Moustaki's father spoke five languages whereas his mother spoke six. The young Giuseppe and his two older sisters spoke Italian at home and Arabic in the streets. The parents placed Giuseppe and his sisters in a French school where they learned to speak French.

At the age of 17, after a summer holiday in Paris, Moustaki obtained his father's permission to move there, working as a door-to-door salesman of poetry books. He began playing the piano and singing in nightclubs in Paris, where he met some of the era's best-known performers. His career took off after the young singer-songwriter Georges Brassens took Moustaki under his wing.

Georges Moustaki
Brassens introduced him to artists and intellectuals who spent much of their time around Saint-Germain-des-Prés. Out of gratitude, Moustaki adopted the first name of the only musician he called master.

Moustaki said that his taste for music came from hearing various French singers -Édith Piaf, Charles Trenet, Henri Salvador, Georges Ulmer, Yves Montand, Georges Guétary and Luis Mariano- sing.

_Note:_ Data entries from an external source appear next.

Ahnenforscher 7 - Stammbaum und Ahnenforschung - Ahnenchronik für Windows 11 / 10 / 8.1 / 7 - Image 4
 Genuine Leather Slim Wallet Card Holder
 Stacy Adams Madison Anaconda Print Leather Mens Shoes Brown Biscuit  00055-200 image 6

Moustaki was introduced to Édith Piaf in the late 1950s by a friend whose praise of the young songwriter was so flattering that Piaf, then at the peak of her fame, requested somewhat sarcastically to hear him sing his best works. I picked up a guitar and I was lamentable. But something must have touched her. She asked me to go and see her perform that same evening at the Olympia music hall and to show her later the songs I had just massacred.

He soon began writing songs for Piaf, the most famous of which, Milord, about a lower-class girl who falls in love with an upper-class British traveller, reached number one in Germany in 1960 and number 24 in the British charts the same year. It has since been performed by numerous artists, including Bobby Darin and Cher.

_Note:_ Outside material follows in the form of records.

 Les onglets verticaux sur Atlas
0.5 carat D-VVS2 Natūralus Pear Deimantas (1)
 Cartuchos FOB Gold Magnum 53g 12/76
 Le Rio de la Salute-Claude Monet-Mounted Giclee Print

Piaf was captivated by Moustaki's music, as well as his great charm. Piaf liked how his musical compositions were flavored with jazz and styles that went beyond France's borders. Moustaki and Piaf became lovers and embarked on what the newspaper Libération described as a year of devastating, mad love, with the newspapers following the 'scandal' of the 'gigolo' and his dame day after day.

More information: UNESCO

After a decade of composing songs for various famous singers, Moustaki launched a successful career as a performer himself, singing in French, Italian, English, Greek, Portuguese, Arabic and Spanish.

Moustaki's songwriting career peaked in the 1960s and 1970s with songs like Sarah, performed by Serge Reggiani, and La Longue Dame brune, written for the singer Barbara (Monique Serf).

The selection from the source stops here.